Carnegie Mellon University
August 14, 2020

Sounds of Action: Using Ears, Not Just Eyes, Improves Robot Perception

Carnegie Mellon builds dataset capturing interaction of sound, action, vision

By Byron Spice

Byron Spice
  • School of Computer Science
  • 412-268-9068

People rarely use just one sense to understand the world, but robots usually only rely on vision and, increasingly, touch. Carnegie Mellon University researchers find that robot perception could improve markedly by adding another sense: hearing.

In what they say is the first large-scale study of the interactions between sound and robotic action, researchers at CMU's Robotics Institute found that sounds could help a robot differentiate between objects, such as a metal screwdriver and a metal wrench. Hearing also could help robots determine what type of action caused a sound and help them use sounds to predict the physical properties of new objects.

"A lot of preliminary work in other fields indicated that sound could be useful, but it wasn't clear how useful it would be in robotics," said Lerrel Pinto, who recently earned his Ph.D. in robotics at CMU and will join the faculty of New York University this fall. He and his colleagues found the performance rate was quite high, with robots that used sound successfully classifying objects 76 percent of the time.

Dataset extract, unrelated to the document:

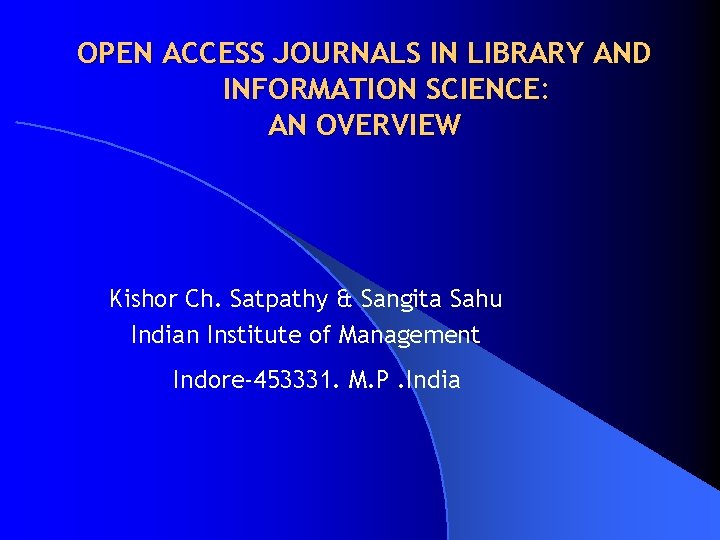OPEN ACCESS JOURNALS IN LIBRARY AND INFORMATION SCIENCE: AN OVERVIEW Kishor Ch. Satpathy &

The results were so encouraging, he added, that it might prove useful to equip future robots with instrumented canes, enabling them to tap on objects they want to identify.

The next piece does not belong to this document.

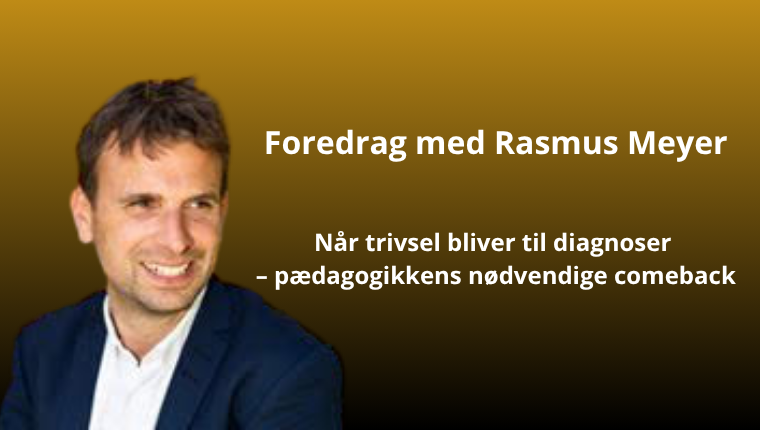 Når trivsel bliver til diagnoser – pædagogikkens nødvendige comeback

The researchers presented their findings last month during the virtual Robotics Science and Systems conference. Other team members included Abhinav Gupta, associate professor of robotics, and Dhiraj Gandhi, a former master's student who is now a research engineer at Facebook Artificial Intelligence Research's Pittsburgh lab.

To perform their study, the researchers created a large dataset, simultaneously recording video and audio of 60 common objects — such as toy blocks, hand tools, shoes, apples and tennis balls — as they slid or rolled around a tray and crashed into its sides. They have since released this dataset, cataloging 15,000 interactions, for use by other researchers.

The team captured these interactions using an experimental apparatus they called Tilt-Bot — a square tray attached to the arm of a Sawyer robot. It was an efficient way to build a large dataset; they could place an object in the tray and let Sawyer spend a few hours moving the tray in random directions with varying levels of tilt as cameras and microphones recorded each action.

They also collected some data beyond the tray, using Sawyer to push objects on a surface.

Though the size of this dataset is unprecedented, other researchers have also studied how intelligent agents can glean information from sound. For instance, Oliver Kroemer, assistant professor of robotics, led research into using sound to estimate the amount of granular materials, such as rice or pasta, by shaking a container, or estimating the flow of those materials from a scoop.

Pinto said the usefulness of sound for robots was therefore not surprising, though he and the others were surprised at just how useful it proved to be. They found, for instance, that a robot could use what it learned about the sound of one set of objects to make predictions about the physical properties of previously unseen objects.

"I think what was really exciting was that when it failed, it would fail on things you expect it to fail on," he said. For instance, a robot couldn't use sound to tell the difference between a red block or a green block. "But if it was a different object, such as a block versus a cup, it could figure that out."

The Defense Advanced Research Projects Agency and the Office of Naval Research supported this research.